B-Side: The Game of Love
Fairground Attraction popped up at the tail-end of the 80's with a huge number one record - Perfect - seeming from nowhere. All acoustic with a strange instrument providing the bass sound (a guitarron, the bass instrument favoured by Mariachi bands). Perfect seemed to have come from nowhere, and was inescapable in 1988. It certainly didn't sound much like anything else in the charts. It wasn't following a scene, and didn't create one in it's wake, then suddenly Fairground Attraction disappeared as suddenly as they had arisen leaving behind one great album, a handful of singles and a collection of b-sides. The constituent members of the group went off to have solo careers with a variety of success. Maybe there are more groups who should do this kind of suddenly be big, then disappear thing, rather than go on and on and on subjecting us to more of he same thing over and over again.
Clare is not Perfect, in fact it is better then Perfect. The guitarron provides a bouncy swing to the melody that carries you along with it. It already has a jazzy feel to with Eddi Reader's voice swooping up to the high notes before gently floating down to the meat of the song.
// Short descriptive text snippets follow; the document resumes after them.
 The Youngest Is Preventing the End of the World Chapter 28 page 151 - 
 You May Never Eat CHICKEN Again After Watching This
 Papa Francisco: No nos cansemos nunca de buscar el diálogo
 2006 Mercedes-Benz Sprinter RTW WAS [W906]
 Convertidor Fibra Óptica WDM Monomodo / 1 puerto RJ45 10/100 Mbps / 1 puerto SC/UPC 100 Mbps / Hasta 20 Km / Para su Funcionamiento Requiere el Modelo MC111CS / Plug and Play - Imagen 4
The clarinet - another highly unlikely instrument for the 80's charts - adds a proper jazz sound to this and adds a layer of melancholy as only a clarinet can. The mournfulness of the clarinet sound is needed because the rest of the tune is so jolly that it is in danger of swamping the meaning of the rest of the lyrics. The titular Clare is a "serpentine seductress" from New Orleans who has stolen the narrators lover away from her.Although the narrator comes across as a little unstable - she can "hear them making love" - if that's metaphorical then that's creepy, if that's not metaphorical than that's probably grounds for a restraining order. Fortunately the swing, the clarinet, the voice, and the lyrics all fuse together to make something that is greater than you would expect.
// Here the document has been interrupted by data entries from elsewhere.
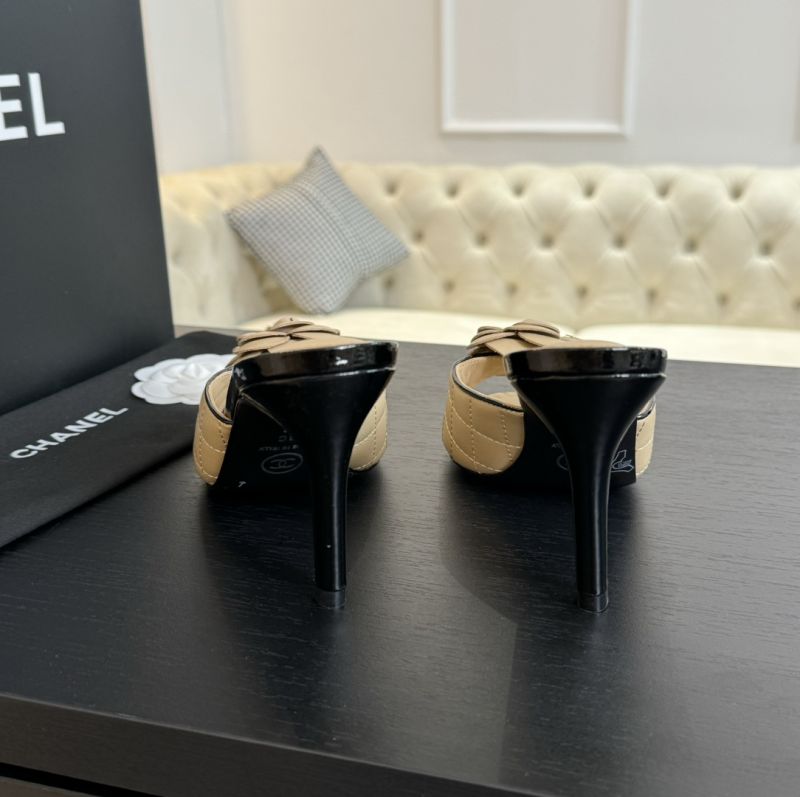 Chanel Slide Sandals Slipper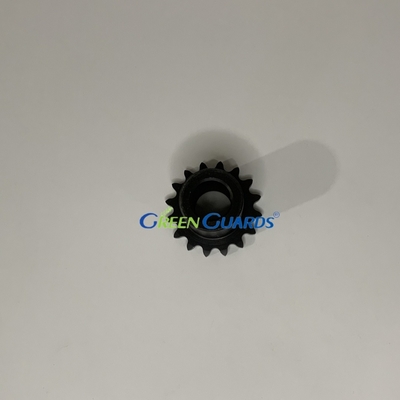 قطع غزل الحديقة سلسلة العجلات 16 أسنان GTCU22962 يصلح Johndeere المشي وراء خضار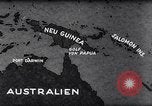 Standbild japanische Truppen Australasien, 1943, aus Sekunde 28 historischem Filmmaterial Videoclip 65675020585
The Game of Love is not a cover of the Wayne Fontana and The Mindbenders song of the same same name (more's the pity). Not that this Game Of Love is not interesting in it's own right. It's a low key affair - during the singing the main instrumentation backing Eddi Reader is a snare drum, intermittently punctuated by trumpets and clarinets, on the instrumental break and on the tail end of the record these take over, and what we've got is a slow and smokey trad jazz number. As a song it's slight, but charming, and it knows just when to finish - so I can't really criticize it.
Overall this is a record that is different from the norm, and succeeds almost effortlessly. I was going to say that it dares to be different - but that would be wrong, it's not in itself a showy daredevil of a record, instead it charms and seduces just like the Clare of the a-side by using all of it's natural talents to draw the audience in.